In the 21st century the internet was increasingly used to advertise a range of services from independent sex workers.
Sex workers have always provided sexual services to sailors visiting New Zealand ports, usually on board ship. Women working on the ships also picked up clients in streets and nightclubs.
One Christchurch detective explained the police’s approach to the sex industry before sex work was decriminalised. ‘[T]he current law is that prostitution is illegal … the way in which we deal with it is we do not actively enforce the law. We react to complaints … We try and work with the industry and workers because there are a number of benefits … we solve problems as well for them, so it works both ways.’ 2
Policing sex work
From the 1970s to the 1990s the police operated 'vice squads' in an effort to manage public concerns about both parlour- and street-based sex work in the larger cities. Social stigma meant that many transgender people could not get legitimate employment, and some became street sex workers, mainly in Auckland and Wellington.
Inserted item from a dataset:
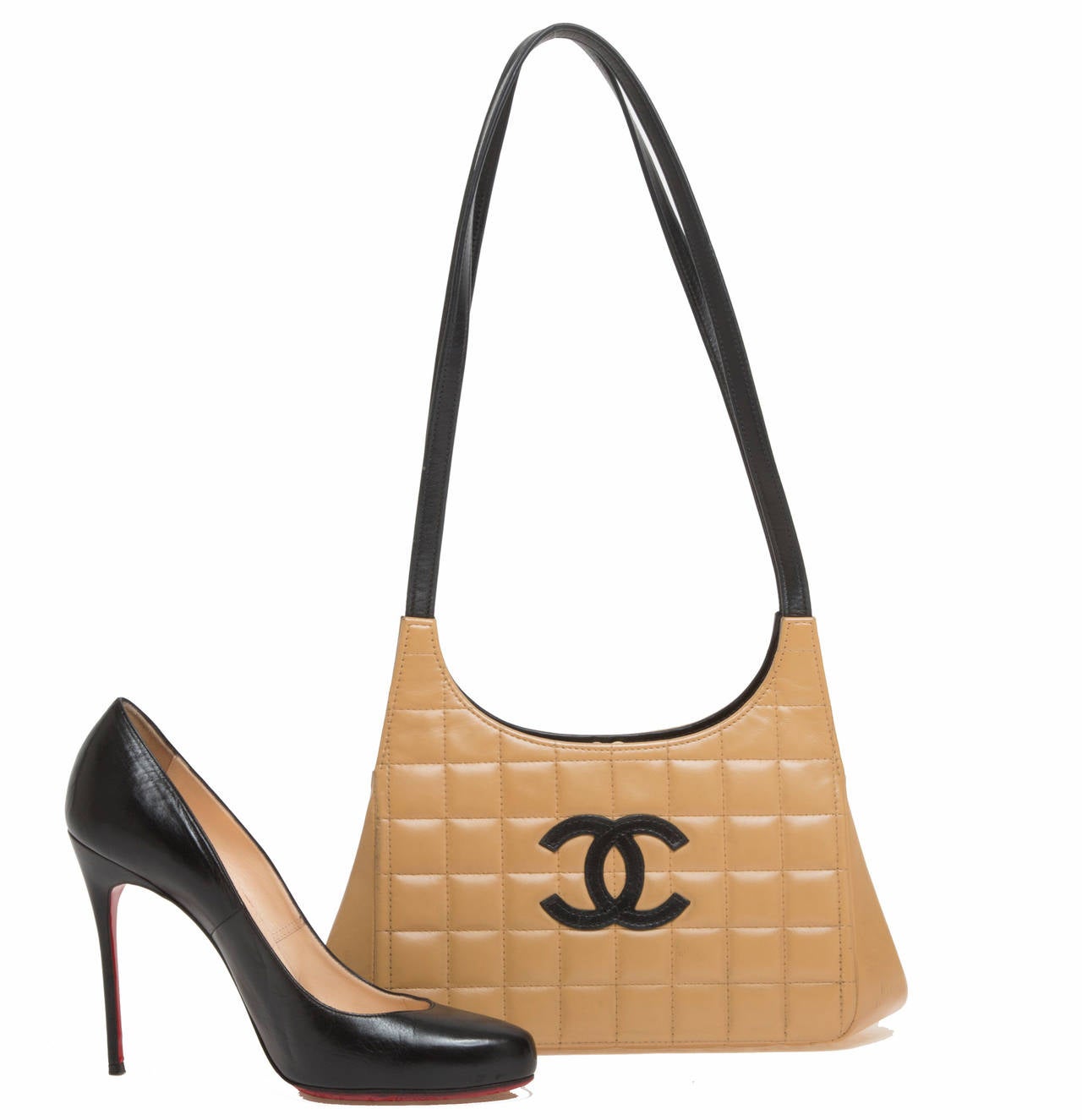 This chic Chanel Chocolate Bar Leather Shoulder Bag has an intricate design and certainly makes a statement. Constructed with soft beige leather, the bag dons square quilts and the signature double C logo in black leather on front. The smooth black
On the streets, the vice squad targeted all sex workers, female, male and transgender.
After the Massage Parlours Act was passed in 1978, undercover police officers visited parlours on a regular basis and charged women with soliciting if they offered them sexual services. Active police monitoring was extended from massage parlours and street-based sex work to private workers and escort agencies throughout New Zealand, and continued until the law changed in 2003.